なぜ人は年をとるとゲームから離れてしまうのか。まず親離れしたほうが良いのではないのか。

ある人は言いました。「年をとるとゲームをする時間がなくなる。時間をおいて久々に遊ぶと操作を忘れていて楽しくない。かたや親の顔を忘れることはないので親離れができないのだ」

一理ある。しかし時間がないのなら会社をやめれば良いし、忘れっぽいなら脳をサイボーグ化すれば良い。君の言うことは甘えである。それといい加減親離れをしなさい。私はそう答えました。

ある人は言いました。「年をとると賢くなる。ゲームをする時間で他に何ができたか考えてしまい、比較してゲームが時間の無駄に思えてくるのだ。それに老いた親とともに過ごせる時間があとどれくらい残されているか想像してしまい、残り少ない時間をともに過ごそうとしているのだ」

一理ある。しかしゲームは元々時間の無駄なので有益か否かで比較すること自体が間違っている。君の言うことは甘えである。それと、いい話に見せても横で親が泣いているのでいい加減親離れをしなさい。私はそう答えました。

ある人は言いました。「年をとると新しいことを覚えるのが億劫になる。
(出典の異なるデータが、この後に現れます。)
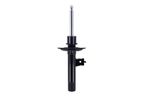 FCS 337289R Suspension Strut - Front Right - view 3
ゲームというのは遊ぶ前にルールを覚える作業が必要になる。かたや実家のゴミ当番などのルールを忘れることはないので楽である。だから親離れができないのだ」

一理ある。しかし新しいことを覚えられないのならレトロゲーをやり続ければ良いし、スピードラーニングのように楽して続けられる方法を探せば良い。君の言うことは甘えである。それといい加減親離れをしなさい。私はそう答えました。

彼女は言いました。「別に人がゲームやらない理由なんてどうでも良くない? それと、わたしも親のスネかじりたいんだけど」

一理ある。しかし逆に言うと、一日中ゲームばかりやってても良いということなのか。理由なんていらないのか。
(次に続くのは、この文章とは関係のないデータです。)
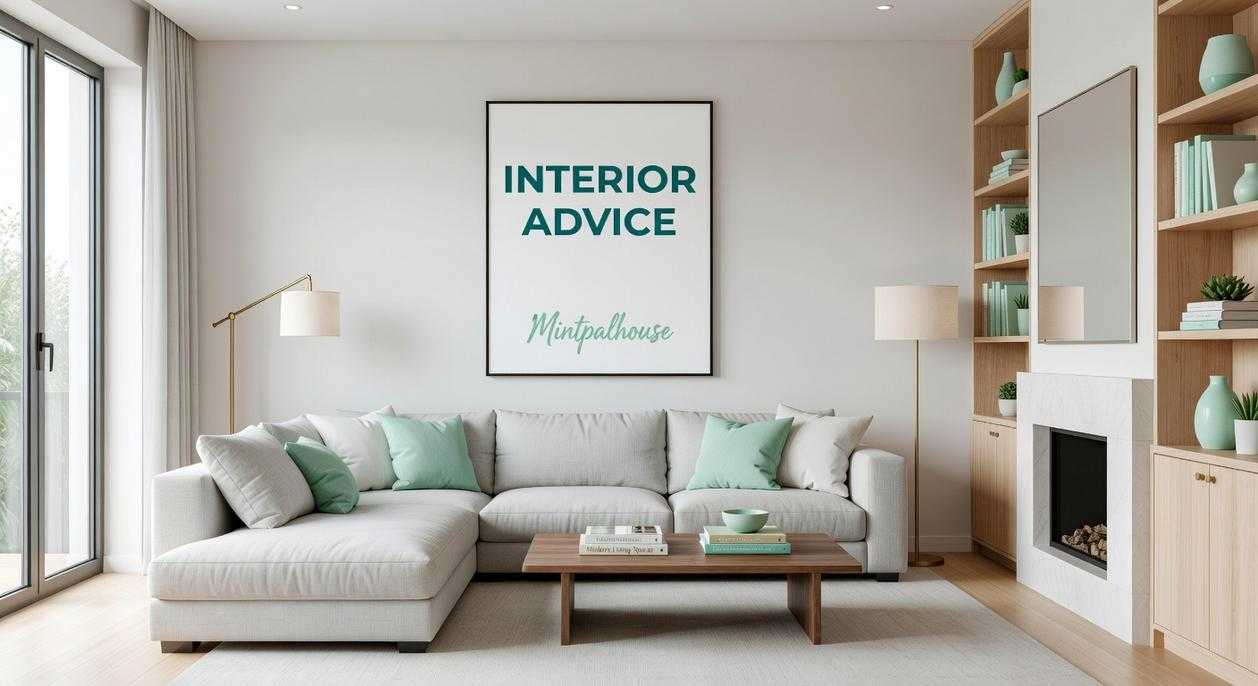 Interior Advice Mintpalhouse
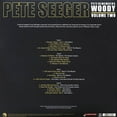 thumbnail image 2 of Pete Seeger - Pete Remembers Woody PT 2 - Music & Performance - Vinyl, 2 of 4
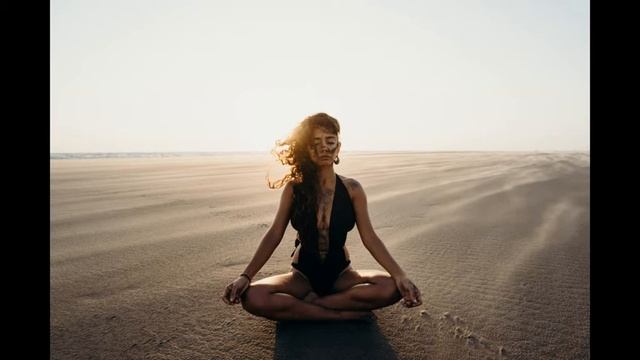 ? GUIDED MINDFULNESS MEDITATION | Jon Kabat Zinn (45 minutes of Guided Meditation for Sleep) смотреть онлайн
「いいよ。それと、わたしも親のスネかじりたいんだけど」

こう言ってくれる人もたまにはいるものです。そんなわけで結婚しました。

いつも適当な事書いて大変申し訳ないのですが、実はここまで全部ウソの話というわけではなく本当の話です。なぜかと言うと、いい加減創作実話のネタが尽きてきたからです。

いつもどおり読み飛ばしていただけましたでしょうか。では今回も決算の話を始めます。

このまとめも最後回ですが、振り返るとかれこれ8年間もやってましたので、今回は収支については、売上と本業の儲けである営業利益を推移8年分、それから8期前の決算と直近決算の財務状況を比較してみました。8年もあればゲームのハード周期を超える期間ですし、それぞれの企業の大まかな歴史みたいなのを見ることができるかもしれません。
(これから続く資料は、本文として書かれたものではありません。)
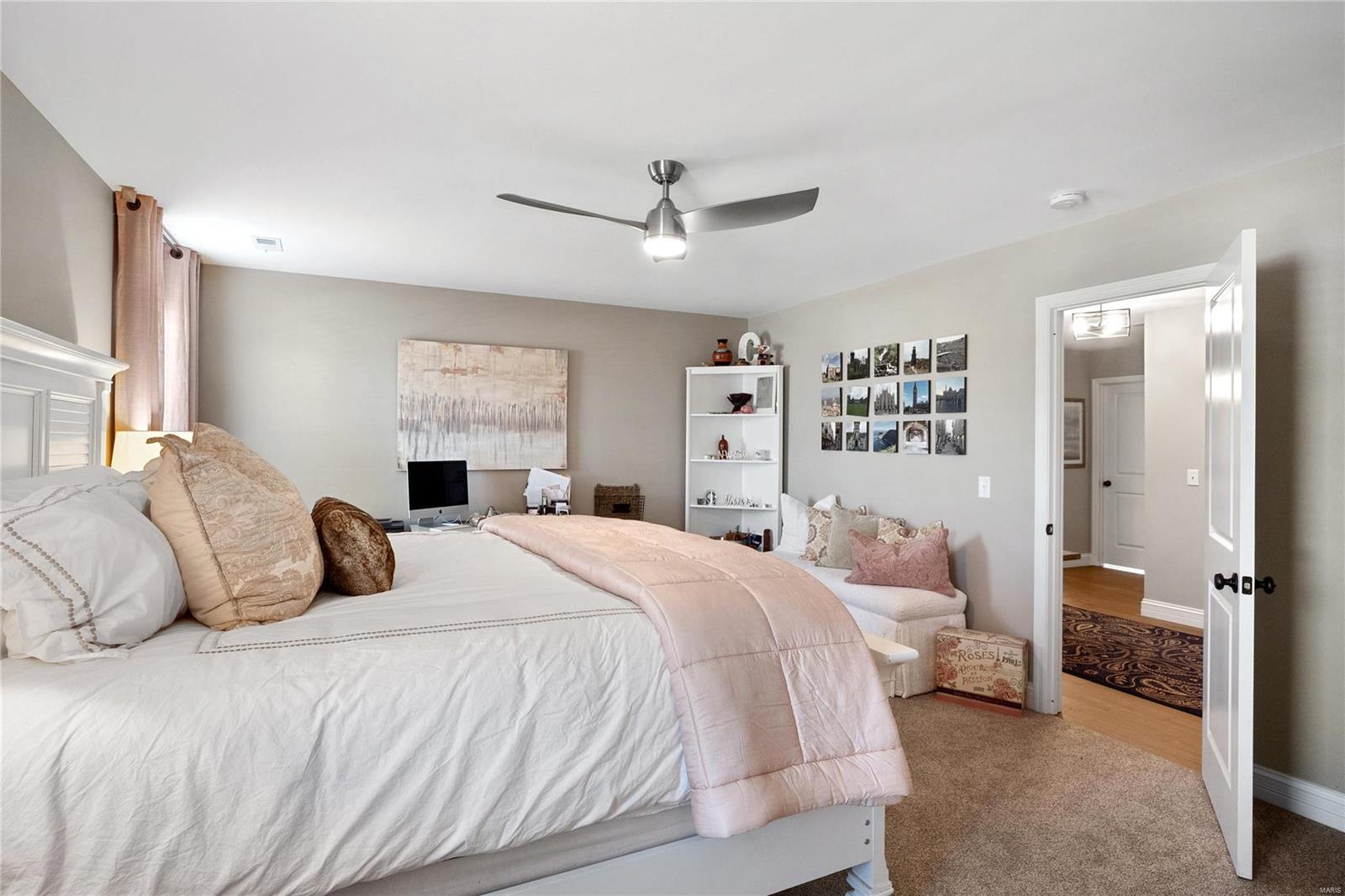 Bur Oaks - Residential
短信からアイドルマスターのアの字もなくなってしまいましたが、ちひろさん、お元気でしょうか? シンデレラガールズのアニメ、すごく良かったですね。あの妾の子がよくここまで大きくなったと涙を流しながら見てましたが、かな子の横幅が安定しない等、ところどころ作画がしんどそうなところあって、第2クールも7月からになるとは思いませんでした。課金が足りなかったのかな?

直近決算では過去最高益を計上していますが、ガンダム仮面ライダーといつもの主要どころが軒並み数字を落とす中、妖怪ウォッチが補って余りある売上を計上。当初予想が70億の商品が550億売れちゃうんだから、流行りモノってほんとわからないよね。来期はブームの経過を勘案して320億の売上予想と数字を落としていますが、バンナムって伝統的に流行商品は固めに計算する傾向があるのでアテにしないほうが良いです。それよりガンダム760億、仮面ライダー250億の来期予想というのが数字としても大したものなのですが、本来コンテンツ産業って流行り廃りなのに、新シリーズの投入で同じIPがここまで毎期それなりの数字残し続けるって方がすごいですよ。このへんの、コンテンツ定着させるぜパワーみたいなのがバンナムの見えない事業基盤というか底力みたいなところがあるのかもしれません。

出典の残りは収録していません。